If you want equalized poverty, feel free to move to the EU. Say goodbye to owning a nice house, or building any kind of wealth - that's reserved for the old money class.

In the US, software is one of the few remaining ways to achieve the American dream. I came to this country to work hard and earn money.


Weird, I live in the USA make $180k yet still can’t own a house and building wealth is extremely hard.

EU has better societal benefits than the US (access to healthcare, education, mandated vacation time (often starting at 3-4 weeks).

The vast majority of people care about living a life without suffering. In the US this is only reserved for the rich it seems.

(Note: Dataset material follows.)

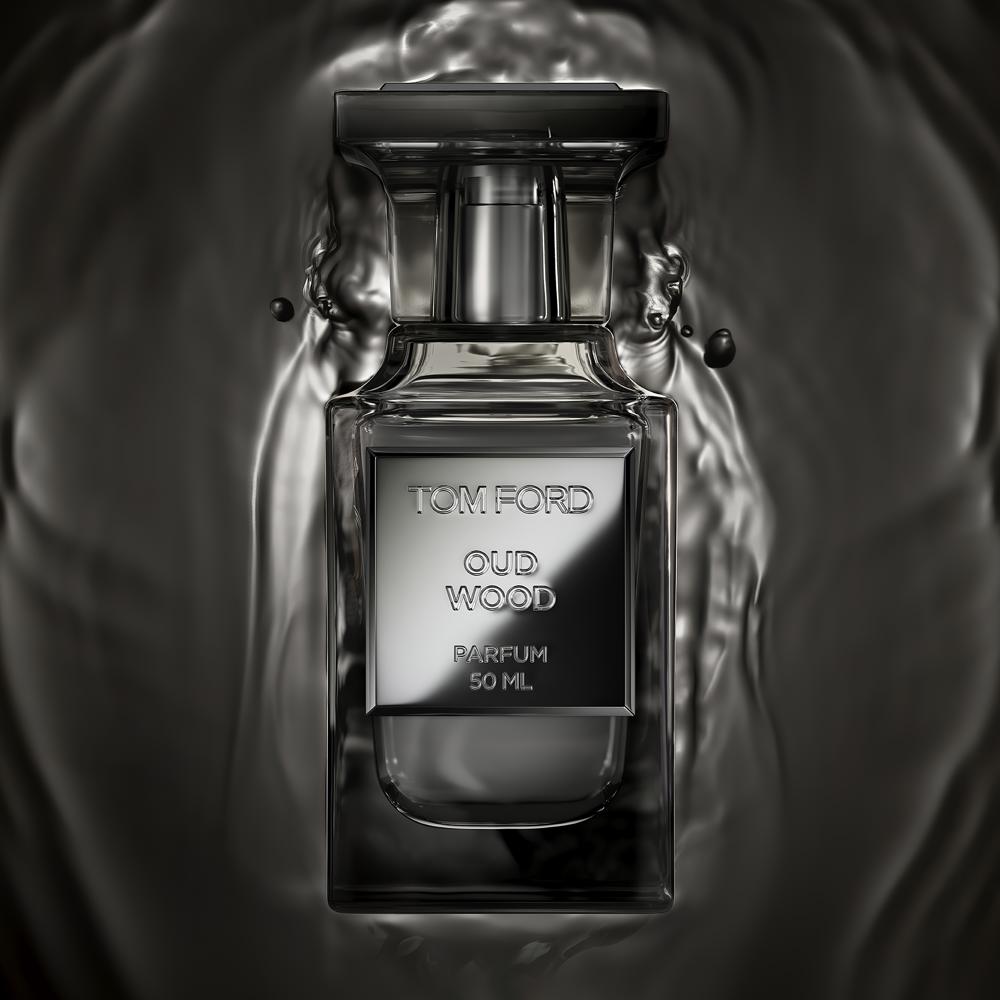 Tom Ford Oud Wood parfum bottle on a dark background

What part of the country and what is your take home? Monthly expenses? $180k can be a lot depending on your location.

Exceptions are HCOL tech hubs, but comp in those places is much higher.

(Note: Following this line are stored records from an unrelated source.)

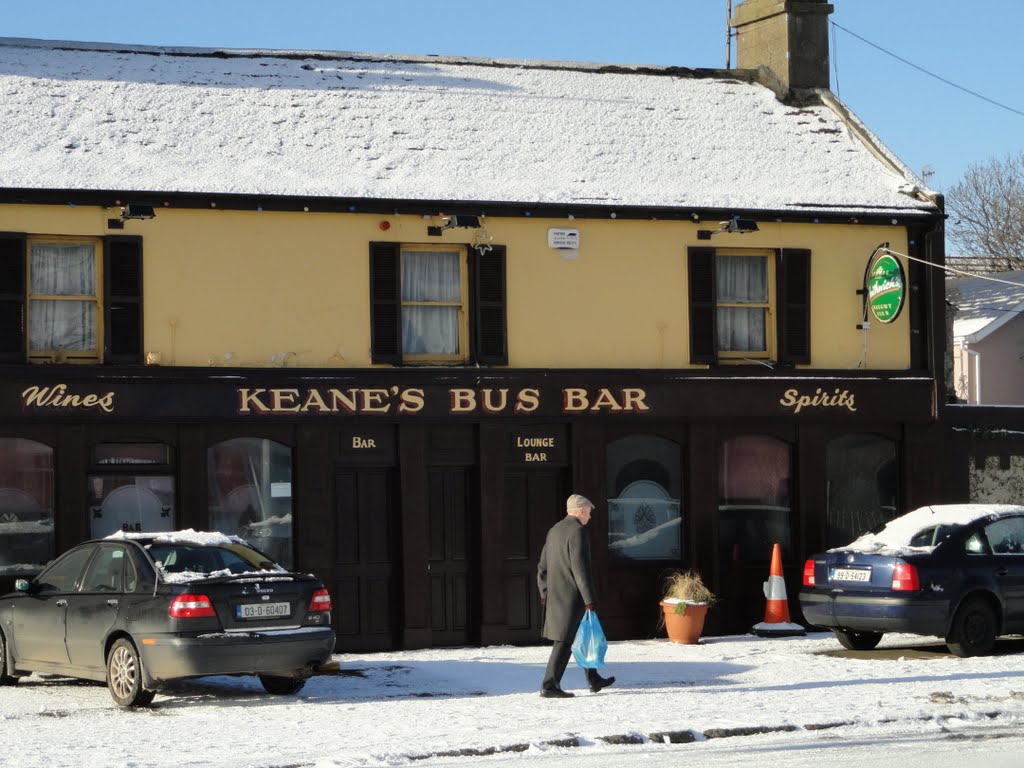 Skerries - a gentleman passing keane's Bus Bar by Roy H.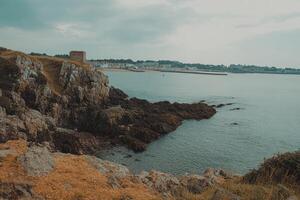 Coastal cliffs overlooking a tranquil bay photo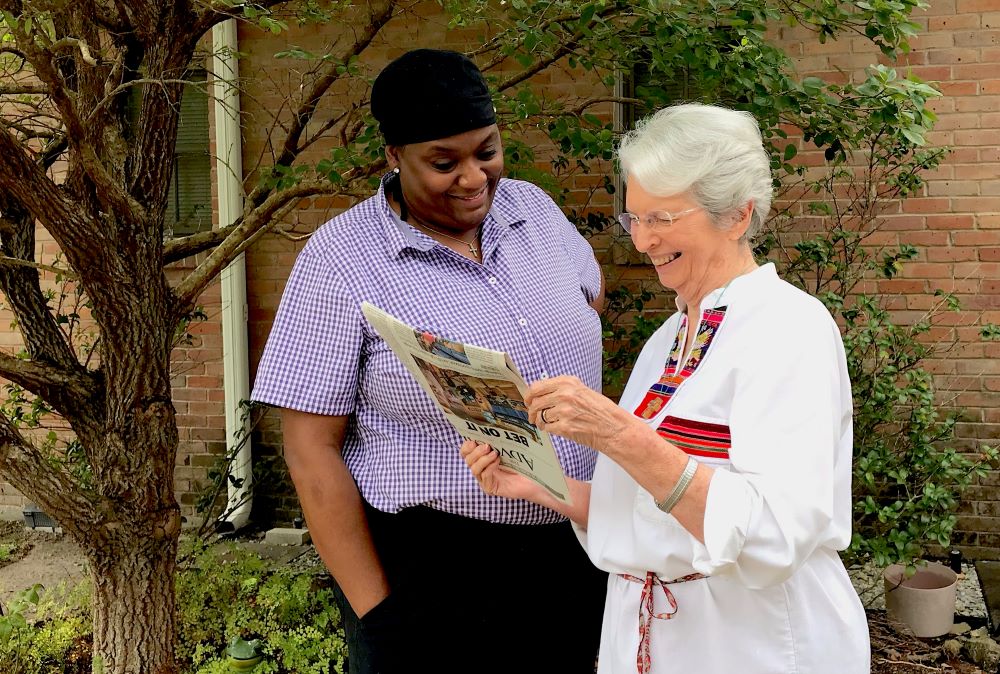 St. Joseph Sr. Dianne Fanguy (right) and St. Joseph Associate Monique Harper look at a news story that says a more stringent environmental review by the Army Corps of Engineers will delay a proposed plastics complex. (Courtesy of Dianne Fanguy)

I live in Boston where I make double(-ish) the household median income ($80k to $100k). For individual median incomes, I make $140k more. I'm able to save over half my monthly income and it's still not enough. I absolutely can't imagine living in this city on anything less and I don't exactly live a life of exuberance here.

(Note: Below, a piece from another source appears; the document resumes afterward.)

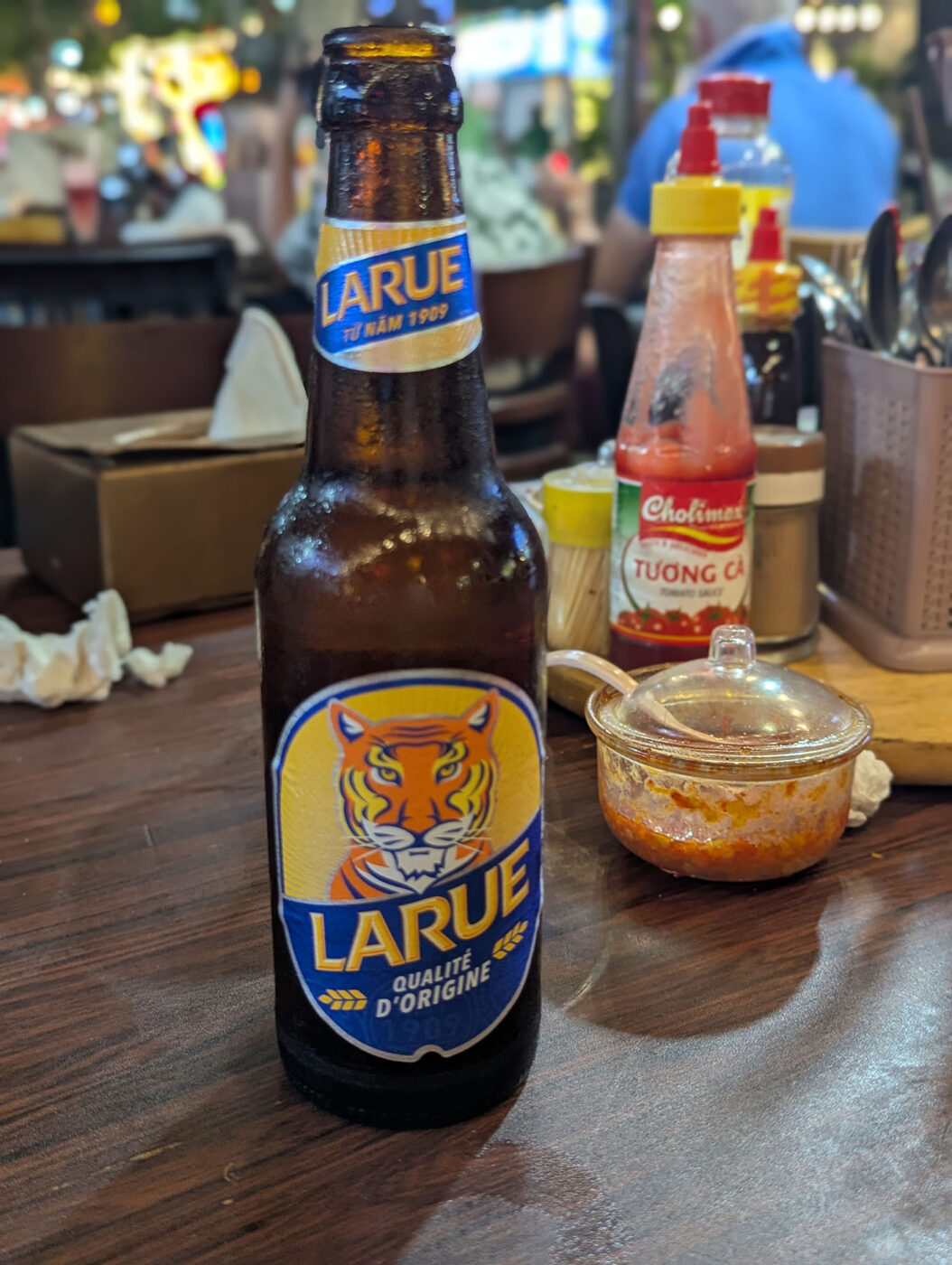 テーブルの上のLARUEビール1本と、ベトナムの調味料ボトル。奥にはティッシュの箱と夜の店内の灯り。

This is the sign of a broken economy.


I don't think we share the same definition of poverty.

I'm in the EU. You have no idea what you're talking about.

Yeah, make everybody equally poor. That'll solve things.


If you look at happiness and indexes versus taxation rates - yes, making everybody poorer does tend to solve things. Not too soon in the growth curve - but certainly not never.


Those two scenarios are only comparable if you isolate happiness and taxation and completely ignore things like social services and inequality.

I think you're referring to Nordic countries which consistently rank as the happiest countries and also have relatively high tax rates (4 of 5 Nordic countries rank in the top 11 tax rates globally. Norway has oil.) The high taxes that "make everybody poorer" also fund extensive social services that contribute to happiness.

However, this conversation is about making (a class of) workers poorer by using tax policy that puts downward pressure on their salaries. Tax revenues will stay the same, so social services will not be increased. Economic inequality increases because the workers became poorer, the C-Suite and Board Members don't.